Crores of mobile phone users can brace themselves for poorer network quality as the carriers and tower licence holders have failed to get on the same page seven months into the new arrangement.
With a view to rationalising the number of towers in the country and giving smaller operators a fair shot, the government last year decided to separate the network business from telecom services.
And in October last year, Bangladesh Telecommunication Regulatory Commission awarded the licences for tower operation to four companies: edotco Bangladesh, Summit Tower Limited, Kirtonkhola Tower Bangladesh and AB Hightech Consortium.
The four companies were supposed to take over the towers from the mobile operators and also build new ones.
But they have been unable to do either seven months since getting their licences, leaving the mobile operators in limbo.
Since the awarding of tower licences in October, the mobile operators were forbidden from setting up any new towers of their own as this exercise would be taken over by the four new tower companies.
But, three of the four tower licence holders have failed to start their operations within the deadline of May 1, meaning virtually no new towers were set up in the country in the past seven months amidst a fast-growing demand.
The mobile operators have called for 3,000 new sites from the telecom regulator to alleviate the strain on their network.
At the same time, the process of acquiring the mobile operators’ existing towers is stalling as the carriers are not happy with the terms and conditions being offered by the tower licences holders.
One of their major bone of contention is the duration for which the towers are guaranteed to be functional.
At present, the mobile operators keep the towers running for at least 99.50 percent of the time, whereas the licence holders are promising 98 percent of the time.
This is not acceptable by the mobile operators as it would invariably lead to a noticeable drop in their service quality.
Not only that, the tower companies are not promising prompt action in getting the towers up and running again in case of disruptions.
It takes the mobile operators at most 48 hours to make their towers working again, but the tower companies’ response time would be much slower than the current situations.
The operators also have an issue with lease contract of the towers.
The tower companies want to lease out the sites for 15 years, which the mobile operator balked at.
“None can assure this business model will continue until that time, so how can we sign a deal with a validity of one and half decade?” said a top official of a mobile operator requesting anonymity.
Bafflingly, the telecom regulator is siding with the tower licence holders and is insisting the carriers go with what is being offered to them.
Banglalink termed the situation as dire.
If the current situation persists, more customers will be heavily affected in the days to come, said Taimur Rahman, chief corporate and regulatory affairs officer of Banglalink.
Grameenphone echoed the same fears. “There is no real assurance of service quality for mobile users as there is no commitment from the tower companies about quality,” it said in a statement to The Daily Star.
The Association of Mobile Telecom Operators of Bangladesh (AMTOB) also had a number of sessions with the regulator and tower companies over the issues, according to SM Farhad, its secretary general.

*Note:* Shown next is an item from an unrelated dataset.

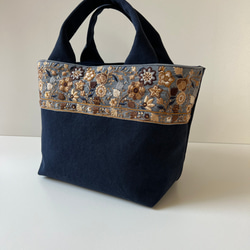 新色◇インド刺繍リボンとクッタリ帆布のトートバッグ◇tulle beige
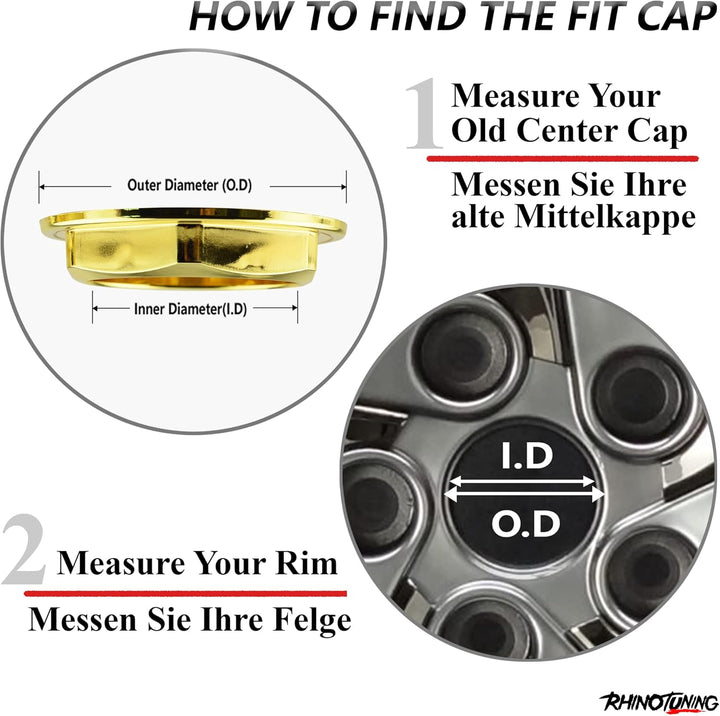 4 x 102mm Rad Nabenkappen Nabendeckel Radkappenclip Golden ABS-Kunststoff für 09.23.131 Gold OD 102m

“But still there are differences,” he added.
Imran Karim, owner of Kirtonkhola Tower, however played down the fears of any lasting deterioration in service quality.
“It is true that there will be some problems on service quality in the short-term but that will not be as intensive as what the mobile operators are saying.”
He went on to express hope that all issues would be solved over the next few months.
Contacted, BTRC Chairman Md Jahurul Haque declined to go into any detail on the matter.
But to mitigate the current network congestions, it might allow the mobile operators to import equipment to maintain their towers.
“The problem between the mobile operators and the tower companies will need more time to be resolved,” he added. At present, Grameenphone owns 14,000 towers, Banglalink 9,000 and state-owned Teletalk 3,700.
Robi is now left with 1,500 towers after it transferred the ownership of about 8,000 towers to its sister concern edotco, one of the four tower licence holders.